United States President Donald Trump said on Thursday his hard-fought trade deal with China was now of secondary importance to the coronavirus pandemic and he threatened new tariffs on Beijing, as his administration crafted retaliatory measures over the outbreak.
Trump’s sharpened rhetoric against China reflected his growing frustration with Beijing over the pandemic, which has cost tens of thousands of lives in the US alone, sparked an economic contraction and threatened his chances of re-election in November.
Read: What is the birthplace of COVID-19? China, US at loggerheads over virus origin
Two US officials, speaking on condition of anonymity, said a range of options against China were under discussion, but cautioned that efforts were in the early stages. Recommendations have not yet reached the level of Trump’s top national security team or the president, one official told Reuters.
“There is a discussion as to how hard to hit China and how to calibrate it properly,” one of the sources said as Washington walks a tightrope in its ties with Beijing while it imports personal protection equipment (PPE) from there and is wary of harming a sensitive trade deal.
Trump made clear, however, that his concerns about China’s role in the origin and spread of the coronavirus were taking priority for now over his efforts to build on an initial trade agreement with Beijing that long dominated his dealings with the world’s second-largest economy.
“We signed a trade deal where they’re supposed to buy, and they’ve been buying a lot, actually. But that now becomes secondary to what took place with the virus,” Trump told reporters. “The virus situation is just not acceptable.”
The Washington Post, citing two people with knowledge of internal discussions, reported on Thursday that some officials had discussed the idea of cancelling some of the massive US debt held by China as a way to strike at Beijing for perceived shortfalls in its candidness on the Covid-19 pandemic.
Trump’s top economic adviser denied the report. “The full faith and credit of US debt obligations is sacrosanct. Period. Full stop,” White House economic adviser Larry Kudlow told Reuters.
Asked whether he would consider having the US stop payment of its debt obligations as a way to punish Beijing, Trump said: “Well, I can do it differently. I can do the same thing, but even for more money, just by putting on tariffs. So, I don’t have to do that.”
War of words
Seeking to quell a damaging trade war, Trump signed the first phase of a multibillion-dollar trade deal with China in January that cut some US tariffs on Chinese goods in exchange for Chinese pledges to purchase more American farm, energy and manufactured goods and address some US complaints about intellectual property practices.
Tariffs of up to 25per cent remain on some $370 billion worth of Chinese goods imports annually.
Trump has touted his tough stance on China trade as a key differentiator from Democratic challengers in the presidential race. Keeping tariffs in place on Chinese goods allows him to say he is maintaining leverage over China for a Phase 2 trade deal.

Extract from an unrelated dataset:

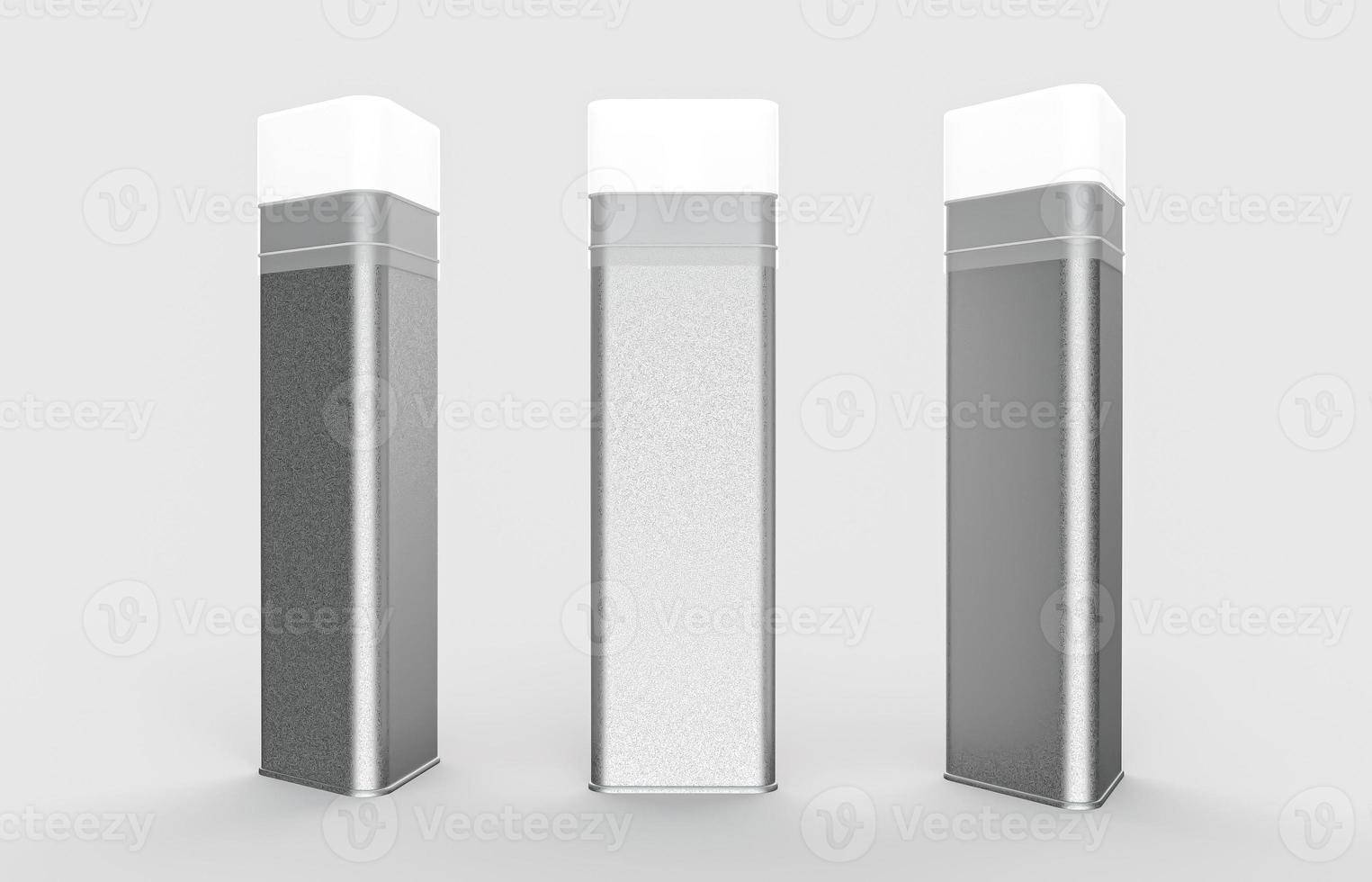 Triangle Metal tin boxes for Pencils, tea or candies. realistic mockup triangle shape cans for packaging dry products isolated on white background 3d illustration photo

Speaking to reporters, Trump declined to say whether he held Chinese President Xi Jinping responsible for what he feels is misinformation from China when the virus emerged from Wuhan, China, and quickly spread around the world.
A senior Trump administration official, speaking on condition of anonymity, said on Wednesday that an informal “truce” in the war of words that Trump and Xi essentially agreed to in a phone call in late March appeared to be over.
Washington and Beijing have traded increasingly bitter recriminations over the origin of the virus and the response to it.
Trump and his top aides, while stepping up their anti-China rhetoric, have stopped short of directly criticizing Xi, whom the US president has repeatedly called his “friend.”
Some of Trump’s domestic critics say that although China performed poorly at the start of the outbreak, he now appears to be trying to use Beijing to help deflect from the shortcomings of his own response.
While saying China should ultimately be held to account, Daniel Russel, who served as the State Department’s top Asia adviser until early in Trump’s term, said in a tweet: “You would be hard-pressed to find a political leader in Asia or Europe who does not believe this anti-China push by the Trump administration is an entirely a political move.”
Among the other ideas under consideration for retaliation against China are sanctions, new non-tariff trade restrictions and a possible effort to lift China’s sovereign immunity, two sources familiar with the matter said.
Lifting sovereign immunity could allow the American government and citizens to file lawsuits seeking damages from Beijing in US courts.
The options are being discussed, informally for now, across government agencies including the State Department, White House National Security Council, Treasury Department and Pentagon, two of the sources said.
The strongest pressure for action is coming from the National Security Council, including deputy national security adviser Matthew Pottinger, while Treasury officials are advising caution, the sources said.
Conversations are at a very preliminary stage and significant action is not considered imminent, the sources said. When asked, US Secretary of State Mike Pompeo has repeatedly said Washington’s priority at the moment is to fight the virus but that the time to hold China accountable would come.